- Born: 5 December 1908 Transvaal, South Africa
- Died: 8 August 2003 (aged 94) Bethal, Mpumalanga, South Africa
- Resting place: Bethal, Mpumalanga, South Africa
- Other name: Moulvi
- Occupation: Political activist
- Years active: 1931-1972
- Known for: Anti apartheid activism
- Spouse: Rabia
- Children: 5 children
- Parent(s): Sheth Ahmad Mohammad Cachalia Khatija
- Awards: Padma Shri World Peace Council Prize

= Ismail Ahmed Cachalia =

South African politician

Ismail Ahmed Cachalia (1908–2003), popularly known as Moulvi, was a South African political activist and a leader of Transvaal Indian Congress and the African National Congress. He was one of the leaders of the Indian Passive Resistance Campaign of 1946 and the Defiance Campaign in 1952. The Government of India awarded the fourth highest Indian civilian honour of Padma Shri in 1977.

==Biography==

Moulvi Ismail Ahmed Cachalia, who stepped beyond the verge on August 8 at the age of 95, straddled two centuries and two continents. What was remarkable was his bearing the legacy of two cultures — African and Asian, said Gopalkrishna Gandhi, the former Indian ambassador to Norway, on hearing the news of Cachalia's death.

Ismail Ahmed Cachalia was born in the South African province of Transvaal on 5 December 1908 to Khatija (Naani) and Sheth Ahmad Mohammad Cachalia, an anti apartheid campaigner and a businessman of Indian origin who was in prison at the time of Ismail's birth.

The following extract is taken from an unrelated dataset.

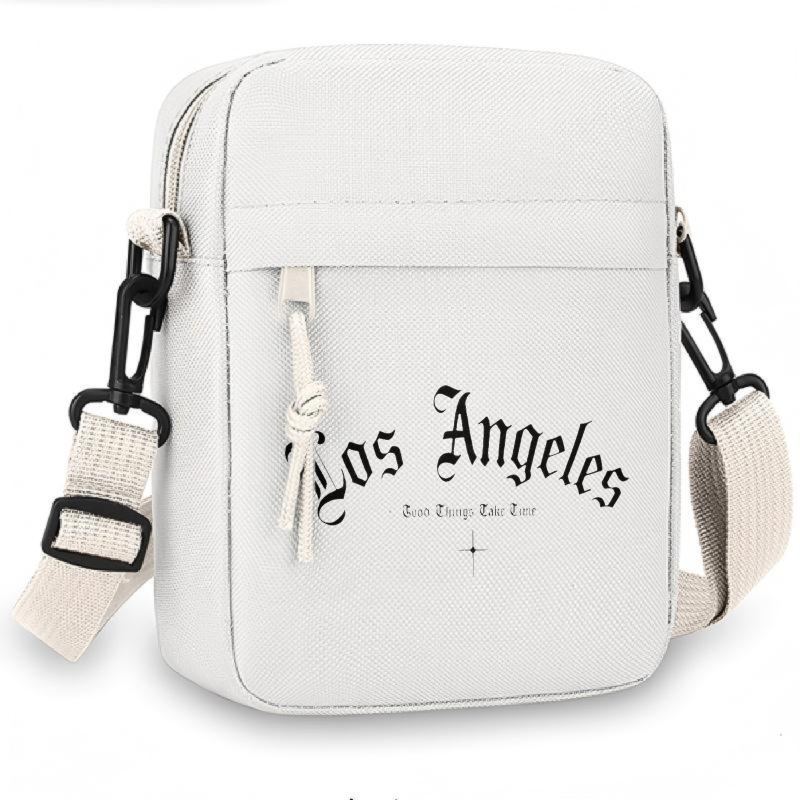 TEMU Men's Crossbody Bag Trendy Nylon Small Square Bag Daily Los Angeles Letter Print Shoulder Mobile Phone Bag White Bb-57-bai1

The senior Cachalia was the chairman of the Transvaal British Indian Association who was forced into bankruptcy due to his connection with the organization and the young Ismail grew up amidst anti apartheid struggles. He completed his primary education up to class 5 at Bree Street Indian School, Johannesburg and moved to Uttar Pradesh in India, and studied Scriptures and Arabic at the Muslim Theological college in Deoband to become an Aalim (priest). He is reported to have participated in the non-cooperation movement in India during that time but returned to South Africa in 1931 to join his brother, Yusuf Cachalia, in family business. In the 1930s, he and his brother joined with Yusuf Dadoo and Monty Naicker, in their anti apartheid activities mobilizing youths for militant action but later changed to non violent methods and became one of the leaders of the Indian Passive Resistance Movement which led to the arrest of over 2000 Indians in 1946. However the movement helped in uniting African National Congress and the Indian resistance group together which was formalized by the Dadoo-Naicker-Xuma Pact of 1947.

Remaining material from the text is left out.